How to deduplicate iMovie files in "Original Media"?

With each project, iMovie imports videos, images, and audio into an iMovie Library.imovielibrary. I want my originals in a separate folder, along with other originals that I didn't import into iMovie and others for which I use other tools such as ffmpeg, but I still want to keep the ability to edit and export projects. At the moment I have videos in two places and the iMovie library is a bloated 300 GB in a 1 TB drive.

How can I avoid duplicating video or other files in an iMovie library and save disk space?


Solution 1:

First a disclaimer: As you can see from miguelmorin's answer, some people have created various scripts to replace the duplicate images and videos in the iMovies library with hard links or symlinks.
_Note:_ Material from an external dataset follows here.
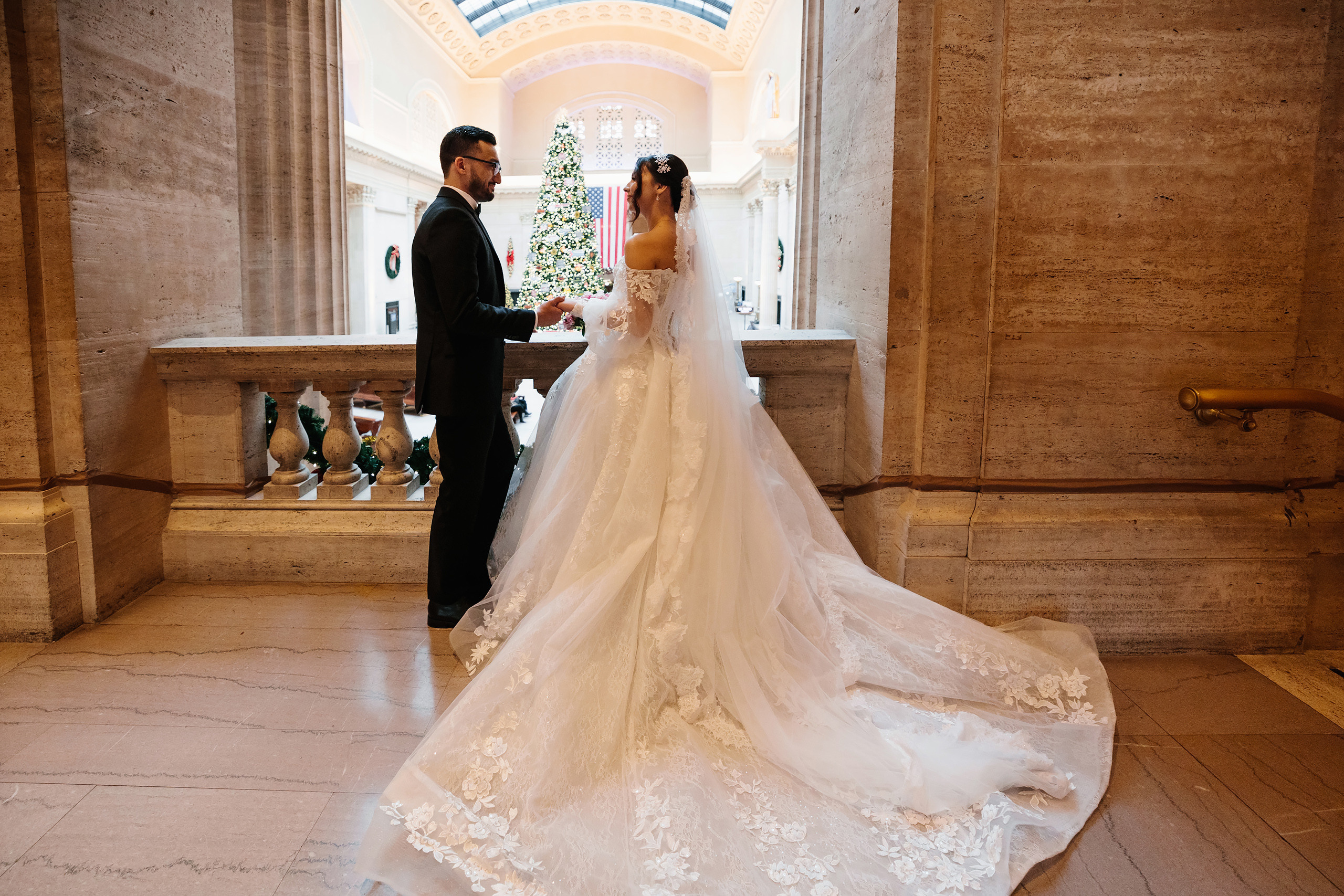 12.17.2021 Wedding. Wedding family event photographer in Chicago Nick Yushevich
Before going any further, I would avoid hard links. Symlinks seem to work fine with iMovie, and hard links can have weird side effects, for instance Time Machine may back them up as separate files.

In my case, I used rdfind, which is an existing utility for cleaning up duplicate files and isn't specific to iMovie or even macOS.

  1. Install rdfind

    brew install rdfind
    
  2. Do a dry run

    e.g.

    rdfind -dryrun true -minsize 1048576 -makesymlinks true ~/Pictures/ ~/Movies/
    
    • -minsize is used to avoid touching any files that aren't image or video files. Adjust it as needed.
    • Replace ~/Pictures/ with the location(s) of the original image/video files. You can list as many directories as you want, but ~/Movies/ should be last because rdfind expects the locations of the original files to be listed first.

    Update: YMMV but it looks like iMovie 10 puts all of the original images and videos in Original Media directories under ~/Movies/iMovie Librarie.imovielibrary. This will go through those directories only and run rdfind on them, in which case -minsize shouldn't be needed (as above, replace ~/Pictures/ as needed):

    find ~/Movies/ -type d -name "Original Media" -exec rdfind -dryrun true -makesymlinks true ~/Pictures/ {} \;
    
  3. Create the symlinks

    Once you're happy with the output of the command from the dry run, remove -dryrun true to replace the duplicate files with symlinks, e.g.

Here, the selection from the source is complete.